Róseas profecias não escondem o cenário pavoroso a ser vivido por 200 milhões de seres humanos. A licença para que particulares importem e usem armas poderosas evidencia que se prepara um confronto de milícias e democratas. O governo está longe da cultura, pois depende dos revólveres, ele apaga o saber. Com promessas de ditadura obscurantista vem a ameaça de usar as Forças Armadas contra a cidadania. O quanto é corrosivo o governo no campo universitário pode ser visto na Medida Provisória de 10/06/2020. Ela permitiria ao ministro da Educação escolher reitores.

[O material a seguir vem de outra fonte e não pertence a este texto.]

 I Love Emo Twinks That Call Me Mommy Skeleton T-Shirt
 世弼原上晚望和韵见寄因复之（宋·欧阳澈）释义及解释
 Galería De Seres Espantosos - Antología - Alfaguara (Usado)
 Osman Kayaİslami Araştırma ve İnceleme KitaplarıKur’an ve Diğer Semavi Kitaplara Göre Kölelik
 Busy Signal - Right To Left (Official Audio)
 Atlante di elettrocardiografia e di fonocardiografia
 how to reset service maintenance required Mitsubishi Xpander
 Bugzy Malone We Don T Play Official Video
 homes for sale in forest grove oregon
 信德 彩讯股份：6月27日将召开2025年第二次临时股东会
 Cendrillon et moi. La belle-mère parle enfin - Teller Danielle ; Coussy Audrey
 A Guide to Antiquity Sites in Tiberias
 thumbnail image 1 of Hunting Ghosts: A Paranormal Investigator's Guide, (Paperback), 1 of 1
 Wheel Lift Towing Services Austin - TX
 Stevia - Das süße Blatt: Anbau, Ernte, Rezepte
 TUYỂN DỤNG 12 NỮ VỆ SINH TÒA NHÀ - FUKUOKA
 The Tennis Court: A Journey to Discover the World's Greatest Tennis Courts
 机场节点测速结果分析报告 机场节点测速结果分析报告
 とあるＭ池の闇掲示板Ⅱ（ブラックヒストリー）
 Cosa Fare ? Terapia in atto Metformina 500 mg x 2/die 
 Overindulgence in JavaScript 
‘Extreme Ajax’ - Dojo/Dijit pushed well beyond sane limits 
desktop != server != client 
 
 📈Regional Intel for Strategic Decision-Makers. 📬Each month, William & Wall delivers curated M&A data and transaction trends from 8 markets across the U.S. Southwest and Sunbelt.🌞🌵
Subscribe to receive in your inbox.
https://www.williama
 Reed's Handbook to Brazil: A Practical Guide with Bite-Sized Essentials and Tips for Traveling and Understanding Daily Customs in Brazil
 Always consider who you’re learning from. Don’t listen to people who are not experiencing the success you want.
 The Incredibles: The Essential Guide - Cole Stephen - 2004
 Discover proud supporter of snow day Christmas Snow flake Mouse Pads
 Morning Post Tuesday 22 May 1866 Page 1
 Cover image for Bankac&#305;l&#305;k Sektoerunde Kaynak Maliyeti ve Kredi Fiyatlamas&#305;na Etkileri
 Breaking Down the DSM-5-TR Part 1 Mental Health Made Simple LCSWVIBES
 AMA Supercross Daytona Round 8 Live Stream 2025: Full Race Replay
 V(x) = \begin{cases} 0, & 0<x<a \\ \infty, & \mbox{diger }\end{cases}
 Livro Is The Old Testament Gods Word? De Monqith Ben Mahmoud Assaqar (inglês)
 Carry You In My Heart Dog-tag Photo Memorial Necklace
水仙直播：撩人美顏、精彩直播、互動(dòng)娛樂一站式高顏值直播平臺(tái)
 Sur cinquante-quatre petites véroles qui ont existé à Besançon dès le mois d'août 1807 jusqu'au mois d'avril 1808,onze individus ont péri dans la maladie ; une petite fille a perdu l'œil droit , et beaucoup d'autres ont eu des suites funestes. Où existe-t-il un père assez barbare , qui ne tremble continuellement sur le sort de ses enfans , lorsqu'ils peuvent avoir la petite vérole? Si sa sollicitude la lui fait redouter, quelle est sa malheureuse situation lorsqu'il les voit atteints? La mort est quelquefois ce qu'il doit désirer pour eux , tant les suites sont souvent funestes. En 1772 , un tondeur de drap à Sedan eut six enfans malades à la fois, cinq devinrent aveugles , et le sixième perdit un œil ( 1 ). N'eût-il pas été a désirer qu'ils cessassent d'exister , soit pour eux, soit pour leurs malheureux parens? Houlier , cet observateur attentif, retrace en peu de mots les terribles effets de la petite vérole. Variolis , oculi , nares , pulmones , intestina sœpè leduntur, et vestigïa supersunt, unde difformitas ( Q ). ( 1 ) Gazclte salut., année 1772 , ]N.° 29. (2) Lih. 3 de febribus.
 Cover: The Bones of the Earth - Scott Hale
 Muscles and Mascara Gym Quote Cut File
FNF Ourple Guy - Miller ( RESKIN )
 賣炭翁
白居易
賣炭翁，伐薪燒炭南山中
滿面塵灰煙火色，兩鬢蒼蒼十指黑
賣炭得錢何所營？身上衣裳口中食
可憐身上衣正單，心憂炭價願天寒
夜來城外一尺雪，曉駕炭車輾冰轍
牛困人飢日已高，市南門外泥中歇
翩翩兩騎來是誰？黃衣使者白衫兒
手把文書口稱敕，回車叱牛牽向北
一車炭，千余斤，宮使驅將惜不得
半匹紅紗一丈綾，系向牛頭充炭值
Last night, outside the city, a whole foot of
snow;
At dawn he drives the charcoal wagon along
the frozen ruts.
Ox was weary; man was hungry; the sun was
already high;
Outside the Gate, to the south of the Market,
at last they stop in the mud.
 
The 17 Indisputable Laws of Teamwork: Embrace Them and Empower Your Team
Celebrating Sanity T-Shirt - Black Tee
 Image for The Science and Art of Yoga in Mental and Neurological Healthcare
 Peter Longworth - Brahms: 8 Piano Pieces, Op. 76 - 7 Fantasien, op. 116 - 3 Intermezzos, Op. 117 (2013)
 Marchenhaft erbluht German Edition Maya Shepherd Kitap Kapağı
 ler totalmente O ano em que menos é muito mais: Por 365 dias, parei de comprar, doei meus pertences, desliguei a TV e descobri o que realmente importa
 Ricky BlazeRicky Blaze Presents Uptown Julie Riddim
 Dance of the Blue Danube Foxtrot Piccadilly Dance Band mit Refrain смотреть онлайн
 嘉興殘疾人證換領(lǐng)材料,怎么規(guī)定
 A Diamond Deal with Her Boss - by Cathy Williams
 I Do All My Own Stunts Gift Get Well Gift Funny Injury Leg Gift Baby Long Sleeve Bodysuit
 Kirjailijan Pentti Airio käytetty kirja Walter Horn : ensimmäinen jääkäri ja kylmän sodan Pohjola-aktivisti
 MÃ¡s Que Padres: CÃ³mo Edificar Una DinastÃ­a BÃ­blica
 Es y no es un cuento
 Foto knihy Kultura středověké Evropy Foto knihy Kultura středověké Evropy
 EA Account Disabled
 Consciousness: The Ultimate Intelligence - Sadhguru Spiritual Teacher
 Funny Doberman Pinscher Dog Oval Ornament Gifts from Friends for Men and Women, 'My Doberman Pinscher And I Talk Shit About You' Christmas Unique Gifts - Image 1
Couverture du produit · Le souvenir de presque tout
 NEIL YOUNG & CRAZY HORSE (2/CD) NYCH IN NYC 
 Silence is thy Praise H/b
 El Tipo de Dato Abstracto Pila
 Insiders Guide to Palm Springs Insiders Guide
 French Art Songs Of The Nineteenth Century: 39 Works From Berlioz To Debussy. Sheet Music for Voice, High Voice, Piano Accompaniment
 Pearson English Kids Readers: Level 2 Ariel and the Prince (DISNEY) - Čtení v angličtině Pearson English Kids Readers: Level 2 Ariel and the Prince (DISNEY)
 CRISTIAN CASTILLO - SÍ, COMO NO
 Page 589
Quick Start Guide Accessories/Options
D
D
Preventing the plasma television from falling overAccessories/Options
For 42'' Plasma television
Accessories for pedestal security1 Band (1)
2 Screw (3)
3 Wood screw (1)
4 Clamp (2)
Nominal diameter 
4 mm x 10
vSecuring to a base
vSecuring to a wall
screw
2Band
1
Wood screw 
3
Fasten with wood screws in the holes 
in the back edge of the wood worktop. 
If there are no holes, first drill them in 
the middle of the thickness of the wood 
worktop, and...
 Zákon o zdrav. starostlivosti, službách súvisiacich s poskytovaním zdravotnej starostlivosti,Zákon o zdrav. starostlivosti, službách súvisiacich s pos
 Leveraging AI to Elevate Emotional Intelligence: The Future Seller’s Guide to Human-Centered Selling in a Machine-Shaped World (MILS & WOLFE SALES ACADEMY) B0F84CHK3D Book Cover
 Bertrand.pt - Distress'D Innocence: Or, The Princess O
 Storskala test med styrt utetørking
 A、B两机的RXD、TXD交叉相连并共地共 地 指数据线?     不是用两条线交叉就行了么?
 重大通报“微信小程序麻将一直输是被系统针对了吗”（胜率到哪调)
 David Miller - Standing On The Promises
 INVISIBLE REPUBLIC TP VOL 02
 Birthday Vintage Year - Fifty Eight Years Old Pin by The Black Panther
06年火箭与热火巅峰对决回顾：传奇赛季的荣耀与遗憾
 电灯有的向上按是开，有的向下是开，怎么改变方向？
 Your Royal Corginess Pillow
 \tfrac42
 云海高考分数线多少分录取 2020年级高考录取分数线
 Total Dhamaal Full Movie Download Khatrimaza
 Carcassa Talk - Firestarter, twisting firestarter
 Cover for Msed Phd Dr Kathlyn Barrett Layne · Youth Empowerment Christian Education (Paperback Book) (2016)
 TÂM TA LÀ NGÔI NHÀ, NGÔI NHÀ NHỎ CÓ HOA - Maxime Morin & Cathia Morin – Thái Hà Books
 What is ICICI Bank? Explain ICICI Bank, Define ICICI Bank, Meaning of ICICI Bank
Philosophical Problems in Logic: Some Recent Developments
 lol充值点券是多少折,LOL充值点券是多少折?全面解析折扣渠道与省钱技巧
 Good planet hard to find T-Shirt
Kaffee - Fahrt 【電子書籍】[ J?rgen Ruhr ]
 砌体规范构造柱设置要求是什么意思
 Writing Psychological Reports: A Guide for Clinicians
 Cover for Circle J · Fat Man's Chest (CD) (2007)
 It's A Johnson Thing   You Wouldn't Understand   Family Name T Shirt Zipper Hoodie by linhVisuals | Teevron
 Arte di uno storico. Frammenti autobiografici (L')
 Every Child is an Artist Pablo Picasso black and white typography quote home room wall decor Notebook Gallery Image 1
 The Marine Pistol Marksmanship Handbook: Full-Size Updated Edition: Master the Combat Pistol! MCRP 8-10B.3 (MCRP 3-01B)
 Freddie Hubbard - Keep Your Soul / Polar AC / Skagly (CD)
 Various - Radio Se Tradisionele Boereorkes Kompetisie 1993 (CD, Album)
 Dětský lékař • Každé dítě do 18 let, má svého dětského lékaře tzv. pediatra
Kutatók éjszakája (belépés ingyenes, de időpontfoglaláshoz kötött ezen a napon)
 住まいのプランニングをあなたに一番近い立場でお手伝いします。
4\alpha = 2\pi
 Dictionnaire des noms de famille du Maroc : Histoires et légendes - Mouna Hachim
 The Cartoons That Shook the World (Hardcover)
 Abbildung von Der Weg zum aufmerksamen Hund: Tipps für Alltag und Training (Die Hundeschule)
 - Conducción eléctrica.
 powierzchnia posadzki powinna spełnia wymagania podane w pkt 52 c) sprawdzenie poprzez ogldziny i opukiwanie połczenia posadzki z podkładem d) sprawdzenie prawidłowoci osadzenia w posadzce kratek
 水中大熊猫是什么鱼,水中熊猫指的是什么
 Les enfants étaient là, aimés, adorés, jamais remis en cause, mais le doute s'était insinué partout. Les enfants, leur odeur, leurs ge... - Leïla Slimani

Tudo sem consulta a docentes, funcionários, estudantes. Assim os donos provisórios do poder retomariam a política dos regimes totalitários. O tristemente histórico discurso de posse pronunciado pelo reitor Martin Heidegger, que assume o princípio nazista do Führung, exemplifica a deletéria intervenção ideológica no âmbito universitário. Crises são oportunidades para dissolver instituições, praticar o assassinato do espírito. O fascismo manifesta loucura. Mas como em Hamlet no seu delírio há método. O ataque e o cerco às bases universitárias segue a lógica da força bruta.

 

Magníficos Reitores, sois representantes de cientistas e professores aos milhares e, por tal motivo, alvos imediatos. Desejo a todos, pleno sucesso na tarefa tormentosa de honrar a autoridade ética e acadêmica dos campi. O projeto obscurantista será vencido. Mas perguntamos o custo em existências e saber. As universidades em vínculo com instituições que defendem a ciência, os movimentos democráticos além da imprensa ainda não vendida, sairão frágeis mas legitimadas na luta pela vida humana. O governo estará em minúscula nota ao pé da página na história dos crimes. Analistas insistem em colocar a folha de parreira sobre o poder federal. Eles falam em prática “populista”.

 

Deixemos as camuflagens. Falemos de fascismo porque “fascista é alguém com profunda identificação com um determinado grupo ou nação em cujo nome se predispõe a falar, que não dá a mínima para os direitos de outros e está disposto a usar os meios que forem necessários – inclusive a violência – para atingir suas metas” (Madeleine Albright, Fascismo, um alerta, citado por Ruy Samuel Espíndola in Marcelo Peregrino, da Democracia de Partidos à Autocracia Judicial). O governo não dá a mínima para o direito à vida dos cidadãos. O saber é negado por ele na espiral violenta em que suas hordas se engolfam contra todos os que não dobrarem os joelhos para o Líder e seus cúmplices. Última palavra: lembro o nome do Magnífico Reitor Luiz Carlos Cancellier de Olivo. E à Universidade Federal de Minas Gerais, violentada em sua dignidade acadêmica e também ética, por quem dever a respeitar e proteger.